Dr Boaz will work with the Brunel University experts who devised the tool to observe the way stakeholders engage with it as it is being implemented, closely monitoring the effectiveness of communication and other activity associated with its roll out. "We're all very familiar with the way findings or recommendations are reported at the end of a research project and the increasing emphasis on such studies making an impact, but it's still relatively rare for research to be done actually exploring how that plays out in the real world," Dr Boaz explained. "Taking stock of how interested, motivated and involved key partners, health professionals and even lobbyists are in the process will give us a much better feel for how research can be used to underpin and influence policy."

The researchers will observe events, conduct surveys, undertake a series of interviews and analyse a number of documents during the course of the study. "For many years, researchers have been working intuitively with stakeholders, but there is still only a very small body of evidence to support this which is why this project will be so important," Dr Boaz said. "We want to really explore the characteristics of what prompts people to connect with research and how they respond to dissemination and communication. People in the business of education and sharing learning sometimes lose sight of the human element involved in all of that."

A particularly interesting dimension of the project would be the different perceptions and attitudes to tobacco control in the countries involved in the study, she added. "We will be working with stakeholders from some very well-established European countries and others with more emerging economies - all with different legislation and outlooks on dealing with and the potential health implications of smoking," Dr Boaz said.

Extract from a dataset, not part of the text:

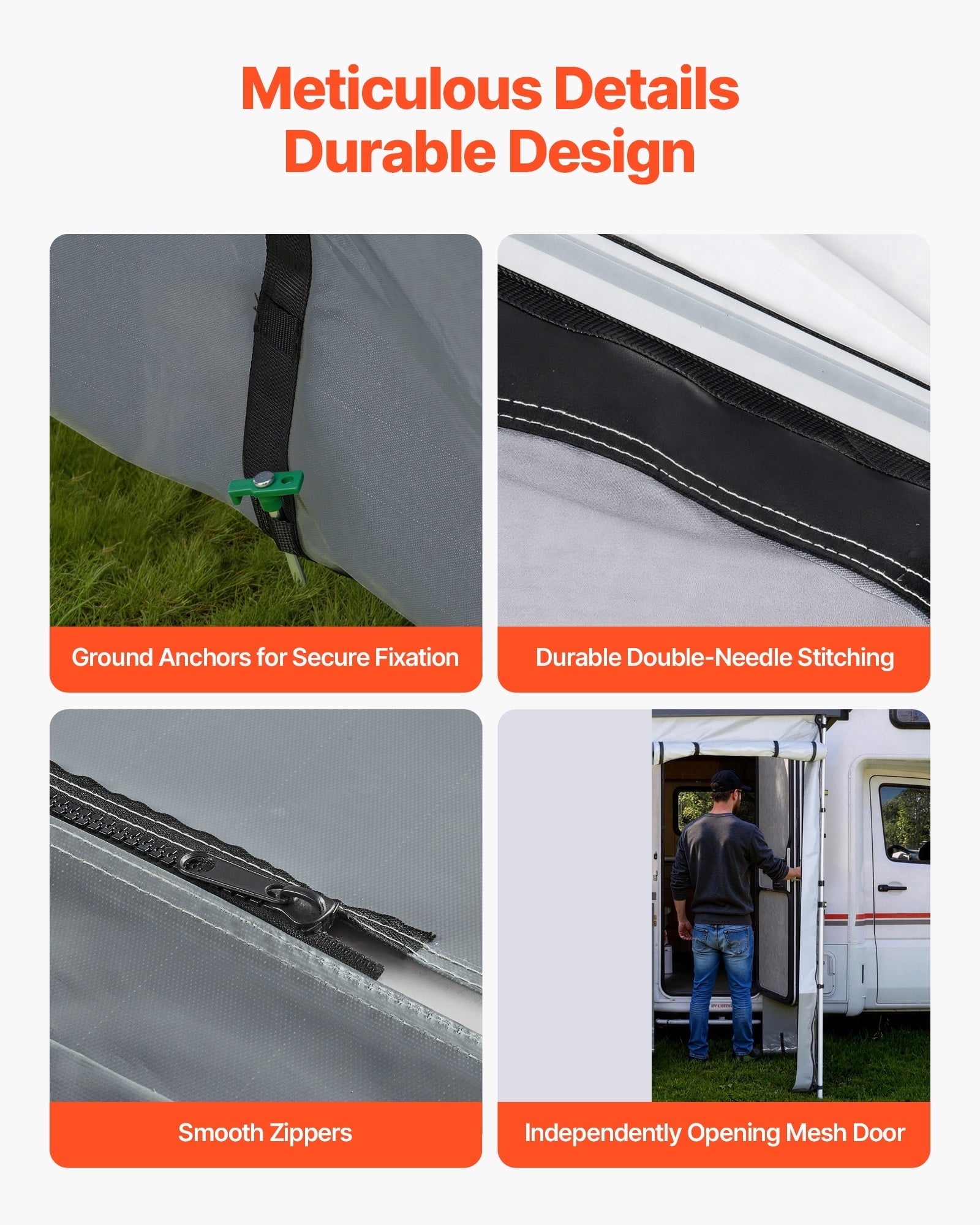 VEVOR RV Awning Sun Shade Room - Compatible with 16 -17 ft Awnings, RV Awning Sun Shading Room with Door & Ventilated Mesh Windows, Sunproof & Windproof Three-Sided Enclosure Tent for RV Camping
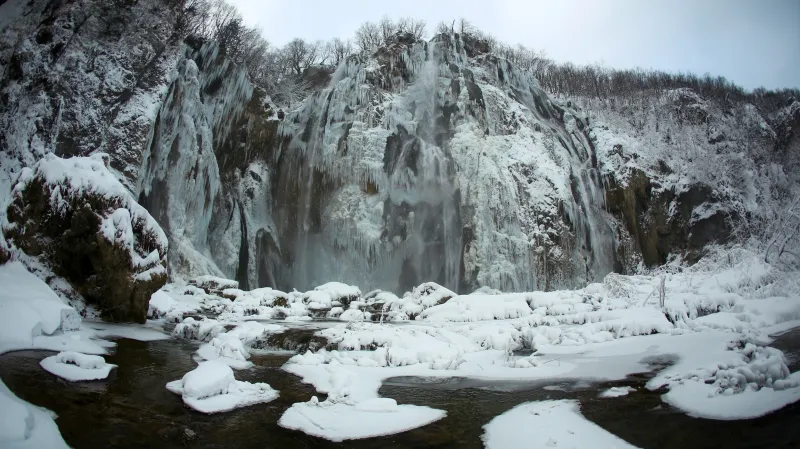 Zima na Plitvických jezerech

Experts estimate the economic cost of tobacco smoking in Europe is between €98 and €130 billion each year - just over 1 per cent of the European Union's gross domestic product. Despite a decrease in the number of tobacco smokers over the past three decades, smoking still kills about 700,000 people each year across the continent. Officials believe it affects the health and well-being of three in 10 adults, with a similar number of children starting to smoke before the age of 18.

Dr Subhash Pokhrel, who has led the development of the decision-making tool at Brunel University, said the stakeholder study was particularly timely given the increasing emphasis being placed on public healthcare intervention funding both in the United Kingdom and abroad. "The value of our project has been increased by austerity measures right across the European Union and it has been developed in that context," he said. "Observing stakeholder engagement as it happens rather than reviewing it retrospectively will lead to a greater ability to enhance the level and speed of research impact in the future."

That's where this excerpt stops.